What is needed is an exact copy of the lines from the one containing "ROGER GALLET cédrat eau fraîche 30 ml" through the last line of the records, with no pictures.

[Collection entries]
=-=-=-=-=

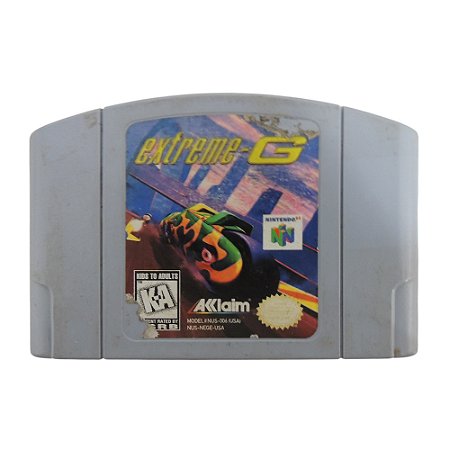 Jogo Extreme-G - N64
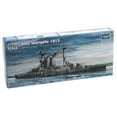 thumbnail image 1 of 1/700 HMS Warspite Battleship 1915, 100% New Tool Multi-Colored, 1 of 6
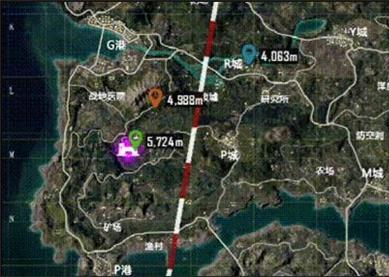 《和平精英》暗夜危机要塞位置解析
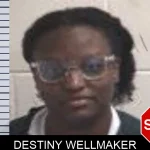 Destiny Wellmaker mugshot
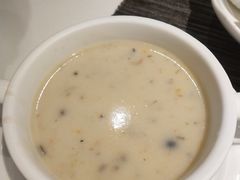 奶油蘑菇汤-斗牛士牛排餐厅(嘉里汇店)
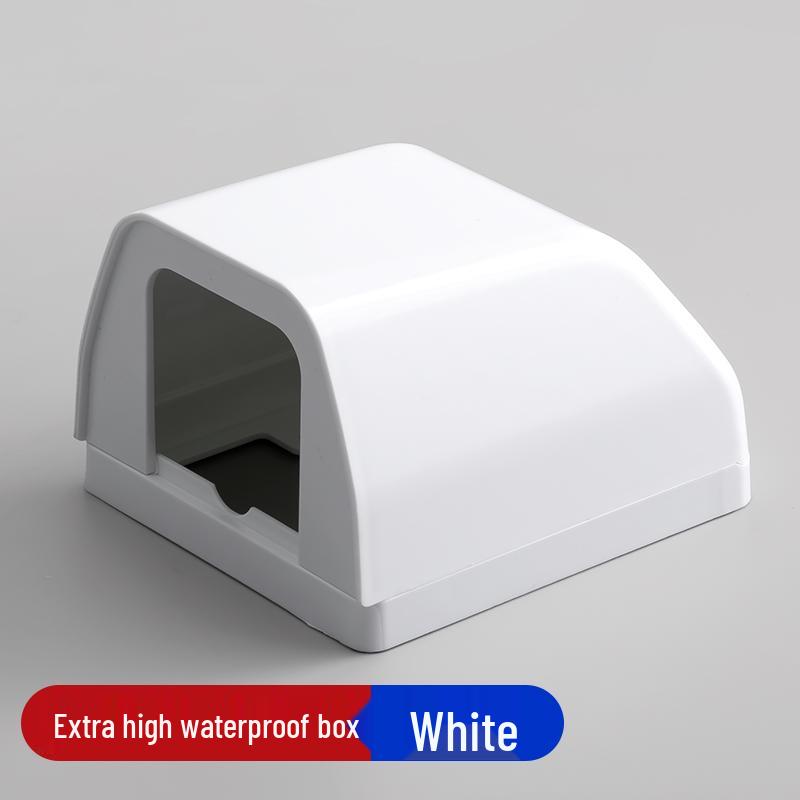 Outdoor Recessed Weatherproof Socket Cover with Screw Installation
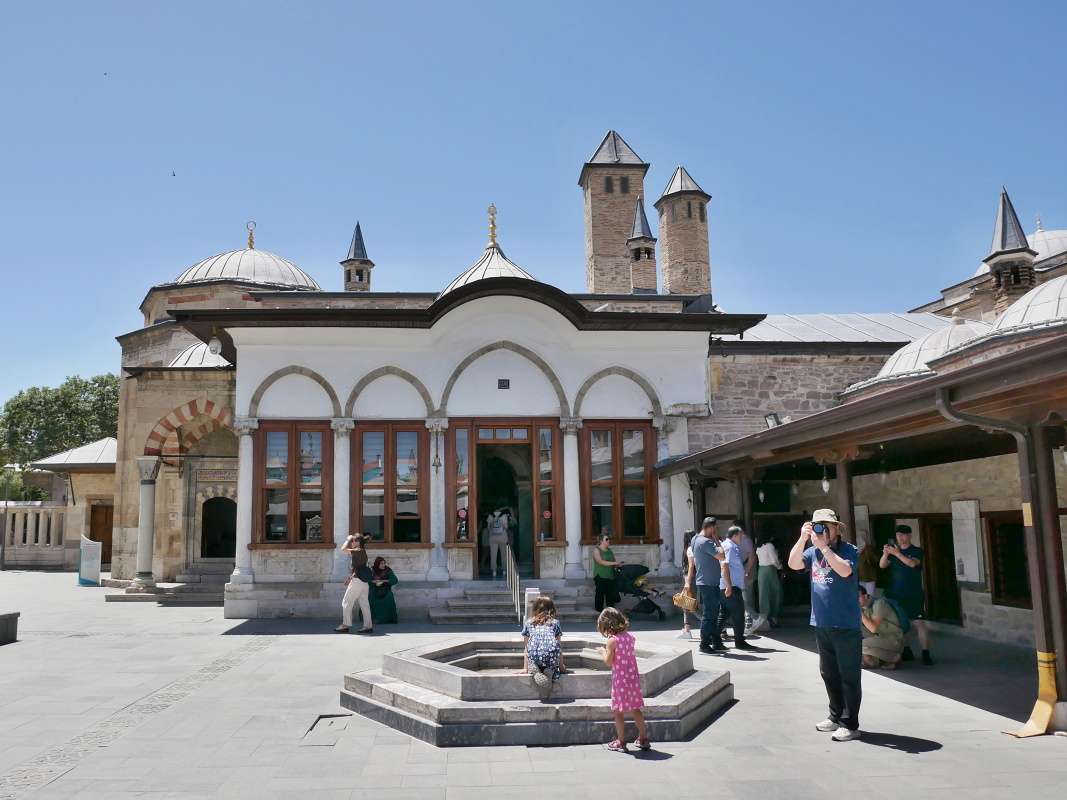 Konya, Mevlana múzeum
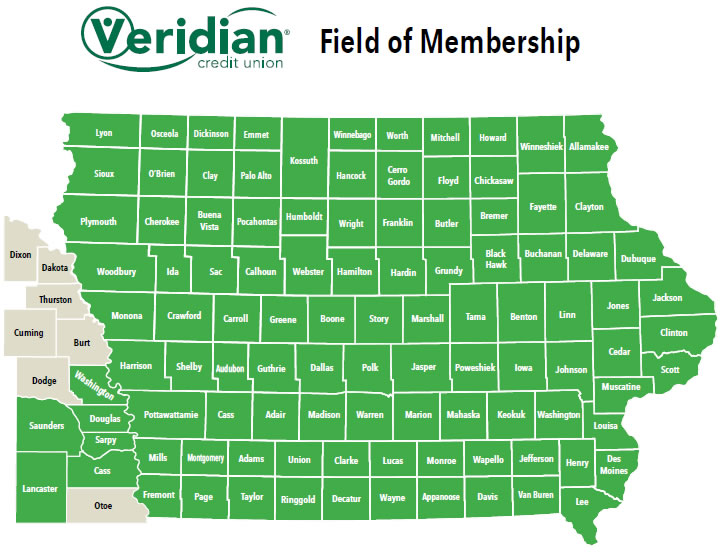 veridian customer service number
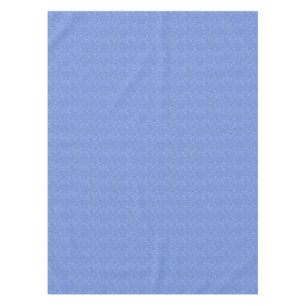 Mantel Estrellas azules y blancas en azul claro mezclado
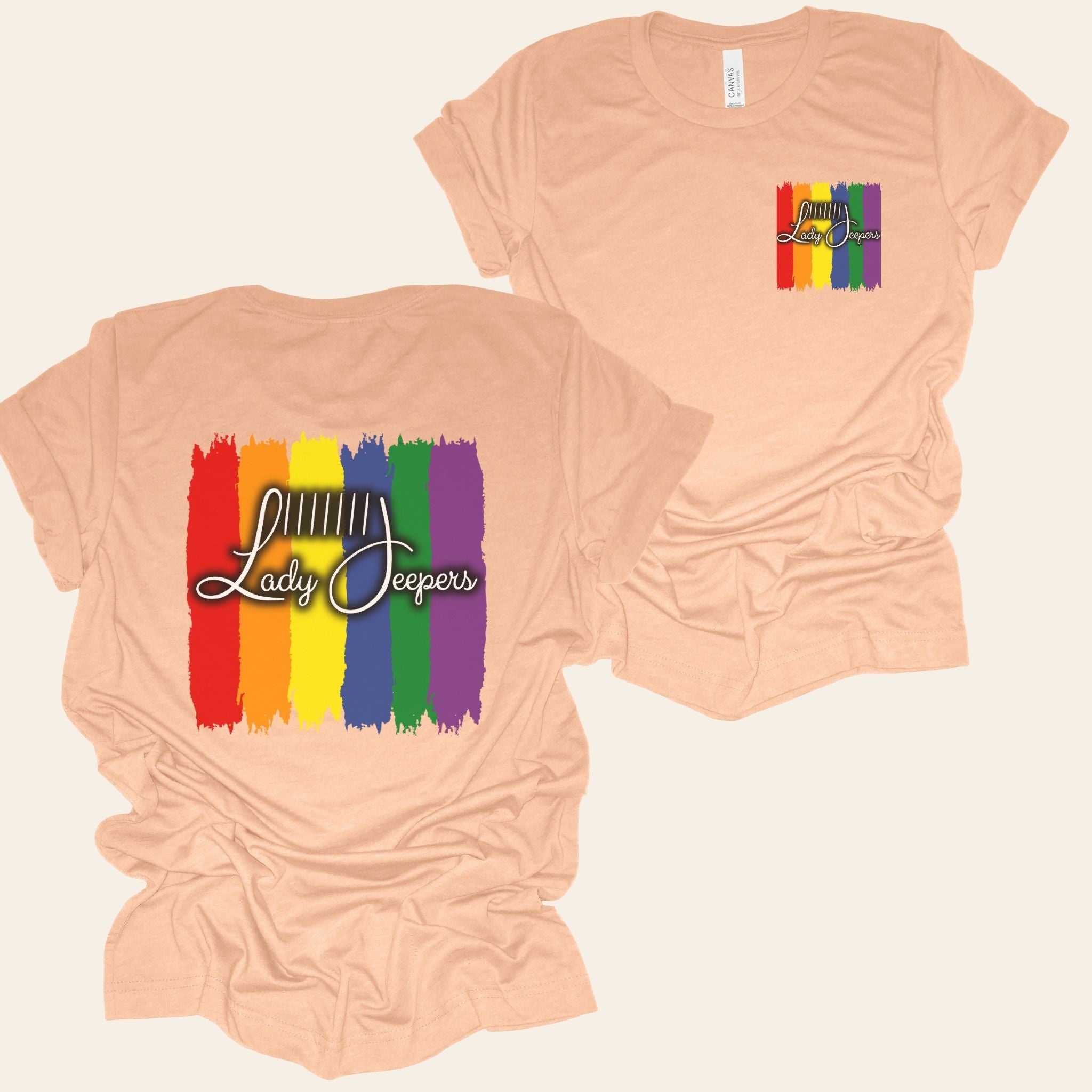 Pride New Logo Tshirt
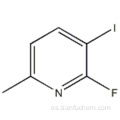 Piridina, 2-fluoro-3-yodo-6-metilo CAS 884494-48-8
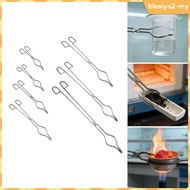 [BlesiyaedMY] Crucible Tongs Professional Nonslip Jaws Furnace Tongs Metalworking Tool for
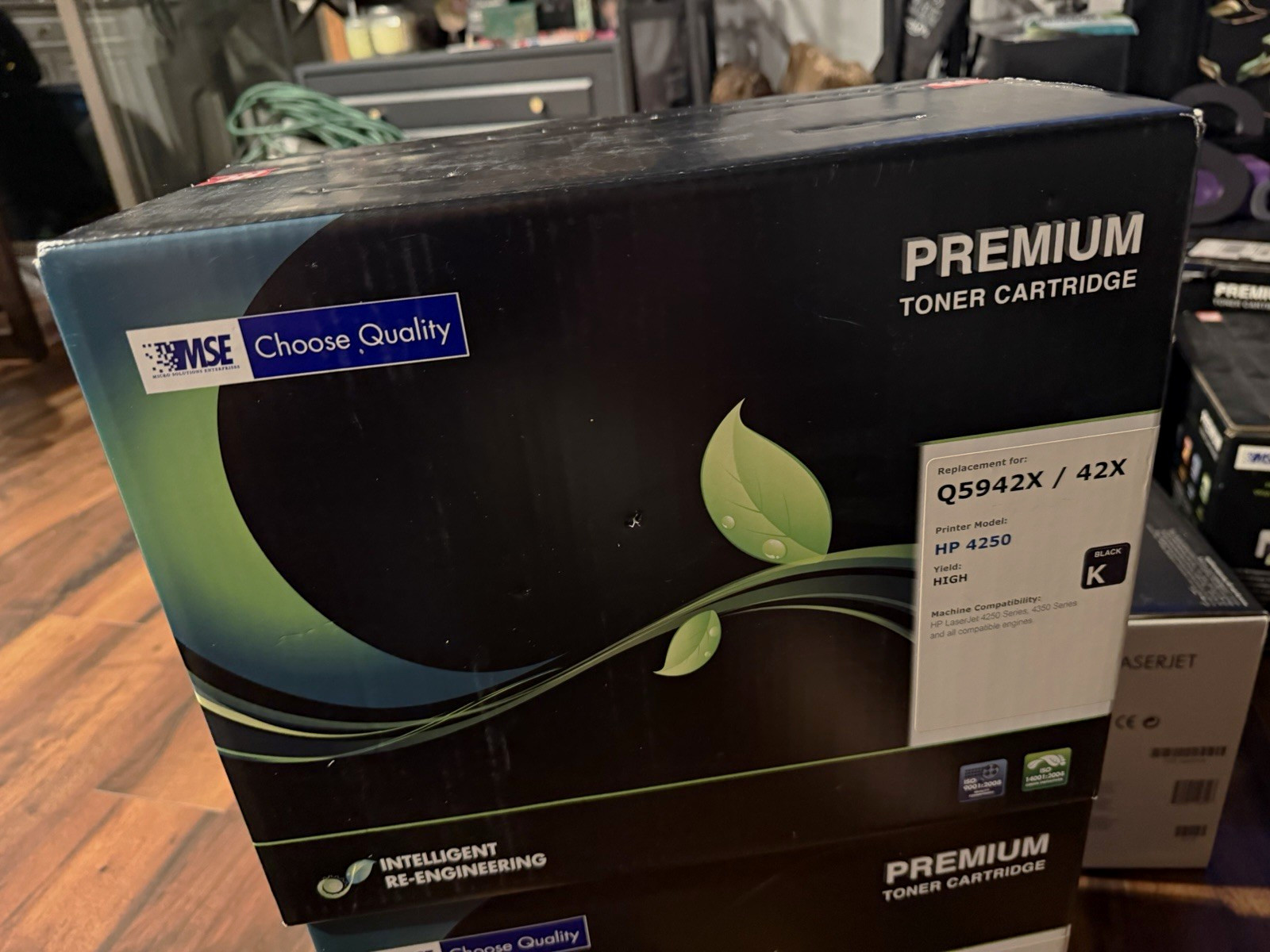 MSE Q5942X / 42X Premium Black Laser Toner Compatible for HP 4250 new unopened 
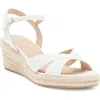 Stuart Weitzman Miami Espadrille Wedge Sandal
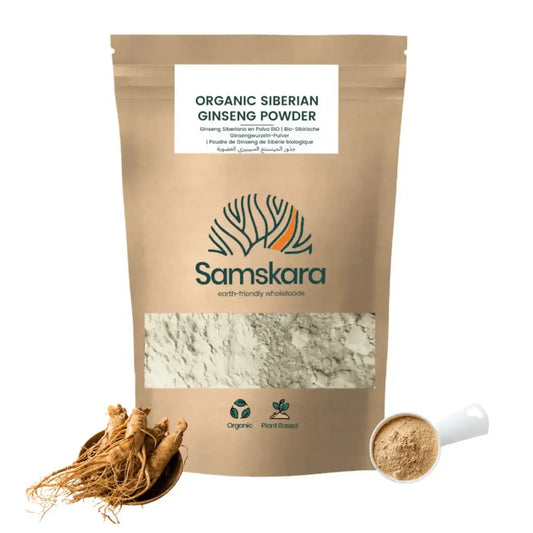 Ginseng Siberiano En Polvo Bio - 100g_0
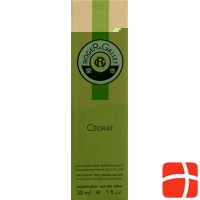 ROGER GALLET cédrat eau fraîche 30 ml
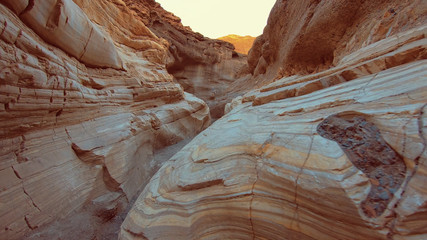 Beautiful Mosaic Canyon az Death Valley National Park in California - USA 2017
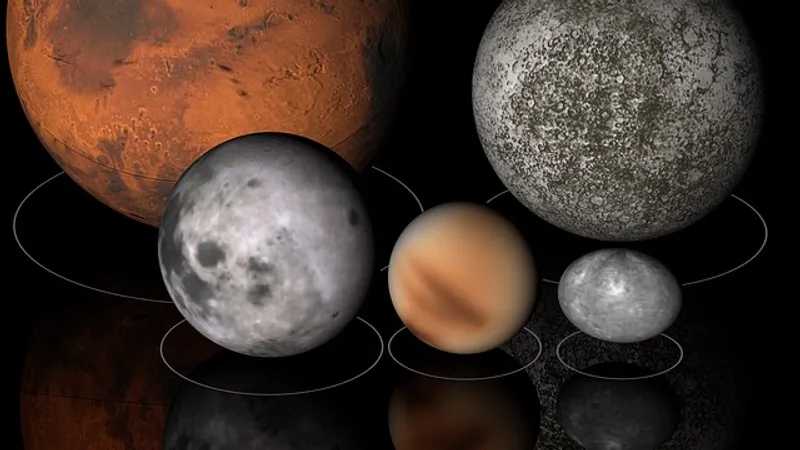 Венера, Марс и Меркурий формируют "крест" у Солнца: когда можно увидеть редкое шоу в небе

=-=-=-=-=

• [Response below]:
 ROGER GALLET cédrat eau fraîche 30 ml
 Beautiful Mosaic Canyon az Death Valley National Park in California - USA 2017
 Венера, Марс и Меркурий формируют "крест" у Солнца: когда можно увидеть редкое шоу в небе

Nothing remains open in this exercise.